# Terrell Owens plays Vikings tonight



## R y a n (Apr 4, 2005)

How will he do? He may try and make a statement tonight...

It should be fun to watch!

:beer:

http://sports.espn.go.com/nfl/news/story?id=2565624

IRVING, Texas -- Get your popcorn ready: Terrell Owens could make his highly anticipated debut for the Dallas Cowboys on Thursday night.

Owens went through his second straight practice Wednesday morning following a 10-day layoff caused by a tender left hamstring. Although he was limited in both workouts, trainers pushed him hard earlier in the week -- and he's emerged from it all feeling good enough to possibly be involved in the preseason finale against the Minnesota Vikings.

How much probably won't be known until kickoff.

Coach Bill Parcells said he's considering having Owens suit up, even if it's only to get him acclimated to the team's sideline routine.

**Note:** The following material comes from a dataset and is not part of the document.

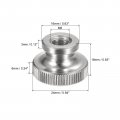Uxcell Knurled Thumb Nuts 2pcs M8 X D24mm H16mm 304 Stainless Steel Nut With Collar High Head Blind Hole For 3d Printer Parts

There's also a chance Owens will get into the game.

"That'll be up to him," Parcells said. "If he feels like he wants to get some plays, then we'll think about it. If not, we won't."

If so, the first time No. 81 trots on the field at Texas Stadium with a star on his helmet should be a wild scene.

He could get a standing ovation from fans thrilled to have him on their side. Or maybe he'll be booed by fans who haven't forgiven him for disgracing the star logo six years ago or for things he's done since joining the Cowboys. The best bet might be some of both.

For the most part, Owens has been embraced by the locals. His jersey already is a top seller and some fans might have purchased the blue and white "Getcha Popcorn Ready" rubber bracelets for sale on Owens' Web site; the quote was one of the more memorable lines from T.O. at his introductory news conference in Dallas.

In the two practices since Owens returned, his work was somewhat like a cram session. Most of the plays he ran were balls coming his way or situational tests Parcells puts the offense through to see how they'll respond.

"There were a lot of things he wants a feel for so he can be caught up a little," Parcells said.

While Owens has gone from likely being out as of Monday to perhaps playing as of Wednesday, Parcells refused to say Owens would definitely play in the opener a week from Sunday in Jacksonville.

"Well, what's he looked like? How's he practiced? What does he look like he knows? There could be a lot of reasons why he might not play," Parcells said. "I don't know what's going to happen."


----------